Saturday, October 21, 2017

Anthroposophy: The Redemption of Thinking

Rudolf Steiner:  "It is as if everything were being done in the middle of the nineteenth century to beguile human beings into believing that thinking must remain subjective and shadow-like, that it must not interfere in the world outside so that they could not possibly imagine that there might be reason, nous, in the cosmos, something that lives in the cosmos itself.

This is what caused this second half of the nineteenth century to be so unphilosophical. Basically, this is also what made it so devoid of deeds. This is what caused the economic relationships to become more and more complicated while commerce became enlarged into a world economy so that the whole Earth in fact turned into one economic sphere, and particularly this shadow-like thinking was unable to grasp the increasingly complex and overwhelming reality. This is the tragedy of our modern age. The economic conditions have become more and more complex, weighty, and increasingly brutal; human thinking remained shadowy, and these shadows certainly could no longer penetrate into what goes on outside in the brutal economic reality.

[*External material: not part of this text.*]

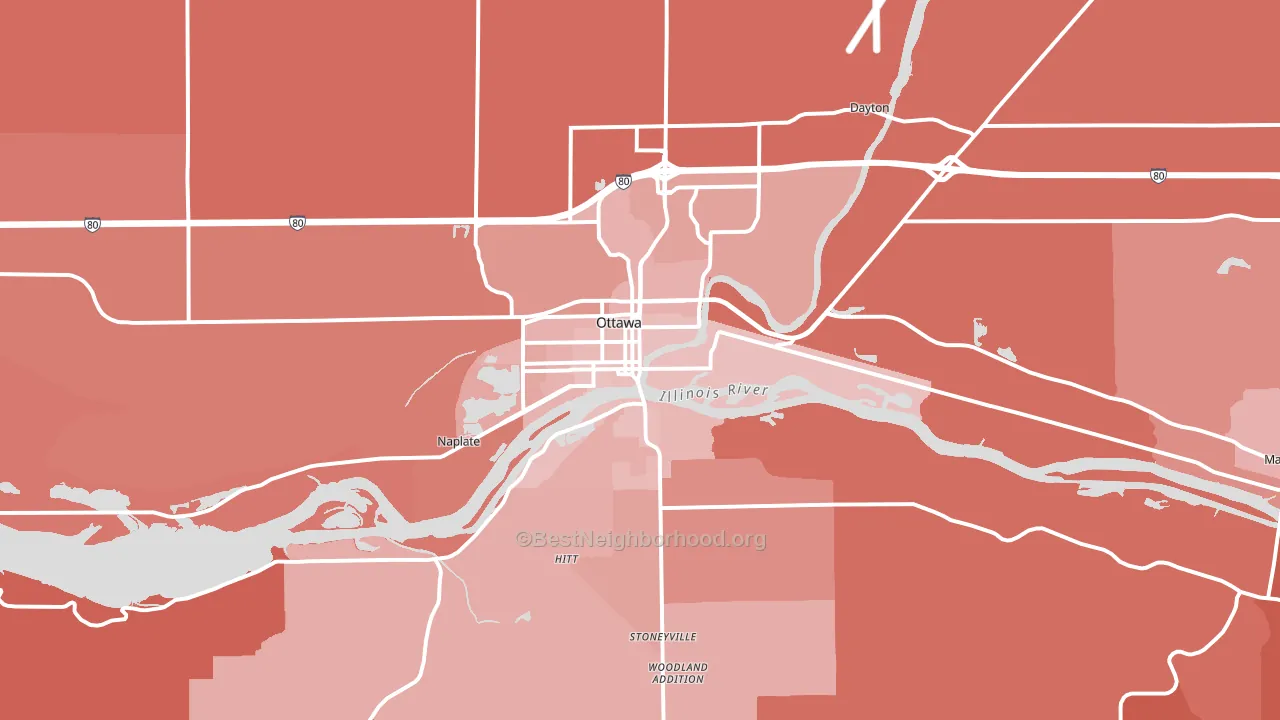Ottawa, IL block-group political-lean map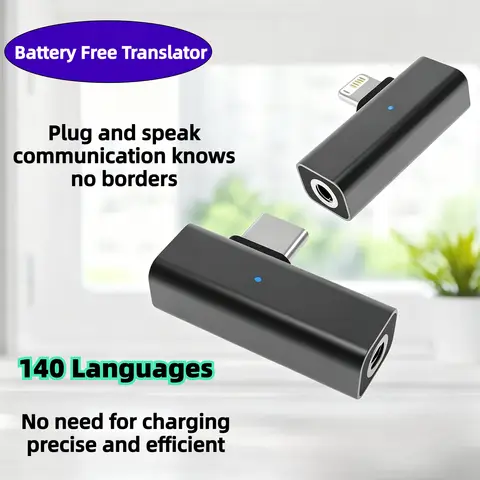 Traducteur IA en temps réel, 140 langues, adaptateur portable Type-C, prise en charge des casques universels, fonctionnalité à un clic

This is what causes our present misery. Unfortunately, if a person actually believes that he is more delicately organized and has need of the spirit, he may possibly get into the habit of making a long face, of speaking in a falsetto voice and of talking about the fact that he has to elevate himself from brutal reality, since the spiritual basically can be grasped only in the mystical realm. Thinking has become so refined that it has to withdraw from reality, that it perishes right away in its shadowy existence if it tries to penetrate brutal reality. Reality in the meantime develops below in conformity with the instincts; it proliferates and brutalizes. Up above, we see the bloated ideas of mysticism, of worldviews and theosophies floating about; below, life brutally takes its course. This is something that must stop for the sake of mankind. Thinking must be enlivened; thought has to become so powerful that it need not withdraw from brutal reality but can enter into it, can live in it as spirit. Then reality will no longer be brutal. This has to be understood.

What is not yet understood in many different respects is that a thinking in which universal being dwells cannot but pour its force over everything. This should be something that goes without saying. But it appears as a sacrilege to this modern thinking if a form of thinking appears on the scene that cannot help but extend to all different areas. A properly serious attitude in life should be comprised of the realization: In thinking, we have been dealing with a shadow image, and rightly so, but the age has now arrived when life must be brought once again into this shadow image of thought in order that from this form of thought life, from this inner life of soul, the outer physical, sensory life can receive its social stimulus."